Bug #55675
[rgw-ms][dbr]:50K object did not sync to the secondary after doing a 20M workload on a versioned bucket.
0%
Description
1. Description:
When performing a 20M object workload on a versioned bucket, we observed that 50K objects did not sync to the secondary.
2. ceph version:
17.0.0-12145-g4520f3ad (4520f3adf7d8d678c39fd74a9c4aa538e6edbb5c) quincy (dev)
3. Steps to reproduce:
a. create a bucket 'version-lb-1'. Enable bucket versioning.
b. Ensure bucket is synced on both sites.
c. Write a 20M object workload [10M current + 10M non-current].
d. The workload is bi-directional, written from both sites simultaneously.
The workload xml is as below. The same xml is run simultaneously from primary and secondary.
<workload name="fillCluster" description="RGW testing">
<!-- Initialization -->
<storage type="s3" config="timeout=900000;accesskey=123;secretkey=123;endpoint=http://localhost:5000;path_style_access=true" retry="3"/>
<workflow>
<workstage name="preparing_cluster">
<work type="prepare" workers="400" config="cprefix=ver-lb-;containers=r(1,1);objects=r(1,10000000);sizes=c(1)KB"/>
</workstage>
</workflow>
</workload>
4. Multisite configuration used:
Multisite Configuration = LB for ms-sync
Total RGW daemons per zone = 14
sync endpoints = 4 rgws behind 1 Load balancer per zone.
IO via = Haproxy ( client IO for 10 rgws)
Object size = small size( 1- 10KB)
Object PUT = bi-directional on same bucket
objects per bucket = 20M (10M from each site simultaneously)

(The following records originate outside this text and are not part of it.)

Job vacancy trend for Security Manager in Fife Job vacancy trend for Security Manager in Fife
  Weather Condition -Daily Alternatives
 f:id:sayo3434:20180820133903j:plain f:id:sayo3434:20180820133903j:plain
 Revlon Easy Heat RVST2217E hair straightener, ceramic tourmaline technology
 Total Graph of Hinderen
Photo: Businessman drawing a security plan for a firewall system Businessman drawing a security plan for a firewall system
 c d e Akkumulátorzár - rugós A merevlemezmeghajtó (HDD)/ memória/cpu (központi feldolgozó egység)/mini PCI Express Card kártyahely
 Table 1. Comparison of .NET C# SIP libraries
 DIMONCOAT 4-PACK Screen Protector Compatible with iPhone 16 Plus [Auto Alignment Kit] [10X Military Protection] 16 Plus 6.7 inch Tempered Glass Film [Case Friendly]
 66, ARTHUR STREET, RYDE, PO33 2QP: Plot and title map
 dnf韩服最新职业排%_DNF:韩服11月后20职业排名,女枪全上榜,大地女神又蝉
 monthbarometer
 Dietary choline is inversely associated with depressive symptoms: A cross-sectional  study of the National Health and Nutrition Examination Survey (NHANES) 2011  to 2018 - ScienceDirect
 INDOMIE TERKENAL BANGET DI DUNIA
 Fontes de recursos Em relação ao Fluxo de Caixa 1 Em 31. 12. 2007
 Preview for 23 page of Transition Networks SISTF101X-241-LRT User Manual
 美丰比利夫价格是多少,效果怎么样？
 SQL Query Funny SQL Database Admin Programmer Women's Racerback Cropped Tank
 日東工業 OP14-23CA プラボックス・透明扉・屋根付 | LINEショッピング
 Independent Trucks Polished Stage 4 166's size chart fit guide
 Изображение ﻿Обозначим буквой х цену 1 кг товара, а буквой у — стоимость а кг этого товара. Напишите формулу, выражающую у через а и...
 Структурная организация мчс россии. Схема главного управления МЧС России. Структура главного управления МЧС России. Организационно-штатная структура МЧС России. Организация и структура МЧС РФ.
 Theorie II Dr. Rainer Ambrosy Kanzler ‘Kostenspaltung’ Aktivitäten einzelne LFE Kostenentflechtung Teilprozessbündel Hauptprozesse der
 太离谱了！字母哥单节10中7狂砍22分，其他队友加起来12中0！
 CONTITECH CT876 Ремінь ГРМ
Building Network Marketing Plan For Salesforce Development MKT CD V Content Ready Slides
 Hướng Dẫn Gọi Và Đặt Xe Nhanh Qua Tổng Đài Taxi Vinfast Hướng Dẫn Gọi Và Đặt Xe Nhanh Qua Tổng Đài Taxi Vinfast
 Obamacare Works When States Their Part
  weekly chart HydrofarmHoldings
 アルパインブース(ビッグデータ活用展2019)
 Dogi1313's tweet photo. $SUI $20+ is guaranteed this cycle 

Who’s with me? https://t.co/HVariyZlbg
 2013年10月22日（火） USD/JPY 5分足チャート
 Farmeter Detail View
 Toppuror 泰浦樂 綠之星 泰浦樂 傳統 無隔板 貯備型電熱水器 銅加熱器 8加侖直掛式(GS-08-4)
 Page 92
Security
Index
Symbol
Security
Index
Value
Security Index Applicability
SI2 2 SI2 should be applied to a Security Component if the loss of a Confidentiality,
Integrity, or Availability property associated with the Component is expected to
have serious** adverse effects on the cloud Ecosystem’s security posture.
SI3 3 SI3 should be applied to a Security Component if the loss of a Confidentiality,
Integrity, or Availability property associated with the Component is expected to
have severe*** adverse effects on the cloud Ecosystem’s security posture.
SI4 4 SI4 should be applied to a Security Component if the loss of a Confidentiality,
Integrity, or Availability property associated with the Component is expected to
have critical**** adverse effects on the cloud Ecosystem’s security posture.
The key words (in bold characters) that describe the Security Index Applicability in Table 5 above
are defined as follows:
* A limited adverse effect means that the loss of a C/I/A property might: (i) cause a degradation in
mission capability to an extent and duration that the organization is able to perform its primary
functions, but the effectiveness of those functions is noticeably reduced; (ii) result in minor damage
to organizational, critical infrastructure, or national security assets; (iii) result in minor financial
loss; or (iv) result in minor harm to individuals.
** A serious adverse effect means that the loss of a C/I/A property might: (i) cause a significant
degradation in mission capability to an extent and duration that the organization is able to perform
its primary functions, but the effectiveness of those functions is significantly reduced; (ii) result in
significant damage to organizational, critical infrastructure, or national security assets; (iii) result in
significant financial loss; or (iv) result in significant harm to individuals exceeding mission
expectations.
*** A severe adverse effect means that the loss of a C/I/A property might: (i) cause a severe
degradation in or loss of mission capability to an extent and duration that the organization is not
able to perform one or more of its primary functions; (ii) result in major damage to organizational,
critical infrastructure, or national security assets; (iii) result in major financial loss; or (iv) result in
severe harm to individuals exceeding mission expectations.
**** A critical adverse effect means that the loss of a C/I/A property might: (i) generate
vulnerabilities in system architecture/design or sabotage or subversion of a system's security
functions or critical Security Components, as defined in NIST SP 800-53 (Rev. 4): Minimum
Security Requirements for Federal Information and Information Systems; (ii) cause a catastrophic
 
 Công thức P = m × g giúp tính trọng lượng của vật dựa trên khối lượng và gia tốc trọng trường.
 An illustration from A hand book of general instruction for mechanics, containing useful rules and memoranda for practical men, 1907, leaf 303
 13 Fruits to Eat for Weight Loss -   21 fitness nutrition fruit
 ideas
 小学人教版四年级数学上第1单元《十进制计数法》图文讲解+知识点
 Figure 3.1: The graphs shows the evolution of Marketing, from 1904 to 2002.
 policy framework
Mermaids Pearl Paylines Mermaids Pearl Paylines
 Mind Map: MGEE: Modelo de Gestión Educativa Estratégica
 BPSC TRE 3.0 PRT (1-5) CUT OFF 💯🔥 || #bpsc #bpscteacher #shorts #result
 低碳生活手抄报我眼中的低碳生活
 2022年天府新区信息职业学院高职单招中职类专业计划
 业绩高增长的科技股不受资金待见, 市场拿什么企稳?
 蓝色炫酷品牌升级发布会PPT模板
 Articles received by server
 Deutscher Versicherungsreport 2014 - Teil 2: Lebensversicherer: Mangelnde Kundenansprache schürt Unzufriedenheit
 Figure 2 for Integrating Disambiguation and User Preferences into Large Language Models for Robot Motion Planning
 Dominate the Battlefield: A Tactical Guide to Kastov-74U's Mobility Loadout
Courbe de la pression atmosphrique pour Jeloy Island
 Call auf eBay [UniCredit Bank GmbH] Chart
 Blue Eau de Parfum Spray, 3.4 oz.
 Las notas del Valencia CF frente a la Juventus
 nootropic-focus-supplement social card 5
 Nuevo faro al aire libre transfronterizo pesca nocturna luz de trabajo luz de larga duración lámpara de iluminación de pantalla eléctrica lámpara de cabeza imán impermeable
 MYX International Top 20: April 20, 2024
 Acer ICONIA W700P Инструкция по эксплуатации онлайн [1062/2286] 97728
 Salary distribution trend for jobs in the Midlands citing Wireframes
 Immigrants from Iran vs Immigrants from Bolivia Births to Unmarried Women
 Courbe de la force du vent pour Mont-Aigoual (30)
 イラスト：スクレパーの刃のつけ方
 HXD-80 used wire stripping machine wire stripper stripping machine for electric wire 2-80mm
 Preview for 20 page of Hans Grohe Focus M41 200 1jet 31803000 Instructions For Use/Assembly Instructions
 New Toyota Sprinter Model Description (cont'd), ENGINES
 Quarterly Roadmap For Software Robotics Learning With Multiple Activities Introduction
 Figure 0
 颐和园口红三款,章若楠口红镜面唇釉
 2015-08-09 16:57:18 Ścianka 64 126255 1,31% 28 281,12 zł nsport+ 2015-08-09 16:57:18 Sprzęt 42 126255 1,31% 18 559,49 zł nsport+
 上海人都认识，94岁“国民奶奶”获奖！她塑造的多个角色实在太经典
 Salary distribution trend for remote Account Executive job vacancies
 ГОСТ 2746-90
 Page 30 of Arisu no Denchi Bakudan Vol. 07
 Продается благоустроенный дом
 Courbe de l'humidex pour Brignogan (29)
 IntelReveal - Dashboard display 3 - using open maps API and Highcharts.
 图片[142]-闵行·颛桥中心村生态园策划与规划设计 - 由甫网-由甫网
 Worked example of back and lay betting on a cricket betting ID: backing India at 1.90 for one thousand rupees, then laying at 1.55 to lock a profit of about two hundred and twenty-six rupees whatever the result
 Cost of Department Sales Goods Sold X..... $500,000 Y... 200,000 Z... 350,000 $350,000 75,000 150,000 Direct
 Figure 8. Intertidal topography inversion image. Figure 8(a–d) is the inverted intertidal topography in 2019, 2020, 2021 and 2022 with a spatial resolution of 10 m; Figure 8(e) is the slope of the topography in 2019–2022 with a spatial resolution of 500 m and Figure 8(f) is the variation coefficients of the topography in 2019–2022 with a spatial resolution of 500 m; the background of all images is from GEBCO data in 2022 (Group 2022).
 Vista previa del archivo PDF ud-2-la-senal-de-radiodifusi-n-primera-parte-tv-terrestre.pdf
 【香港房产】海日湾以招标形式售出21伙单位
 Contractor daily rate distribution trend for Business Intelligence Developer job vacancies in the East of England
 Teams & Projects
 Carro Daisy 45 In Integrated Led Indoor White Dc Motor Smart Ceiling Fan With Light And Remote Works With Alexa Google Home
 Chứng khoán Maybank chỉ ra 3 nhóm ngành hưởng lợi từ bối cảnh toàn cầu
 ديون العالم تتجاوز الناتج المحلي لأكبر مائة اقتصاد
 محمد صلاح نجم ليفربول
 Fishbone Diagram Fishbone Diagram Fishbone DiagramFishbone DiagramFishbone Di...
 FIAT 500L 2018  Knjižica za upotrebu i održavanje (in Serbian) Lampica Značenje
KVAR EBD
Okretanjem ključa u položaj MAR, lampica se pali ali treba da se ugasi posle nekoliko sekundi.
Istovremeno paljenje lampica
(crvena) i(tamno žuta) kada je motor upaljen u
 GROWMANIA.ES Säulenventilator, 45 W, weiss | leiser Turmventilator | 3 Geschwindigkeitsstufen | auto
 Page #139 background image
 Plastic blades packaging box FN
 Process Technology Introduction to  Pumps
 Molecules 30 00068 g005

Cluster utilization < 40% total cluster size
IO tool = Cosbench
Configs set on all rgws rgw_data_notify_interval_msec=0
debug_ms 0
debug_rgw 5
debug_rgw_sync 20
History
#1 Updated by Vidushi Mishra almost 2 years ago
Via sync error list , we observe errors like :
- "message": "failed to sync bucket instance: (125) Operation canceled"' and
- "message": "failed to sync object(2300) Unknown error 2300"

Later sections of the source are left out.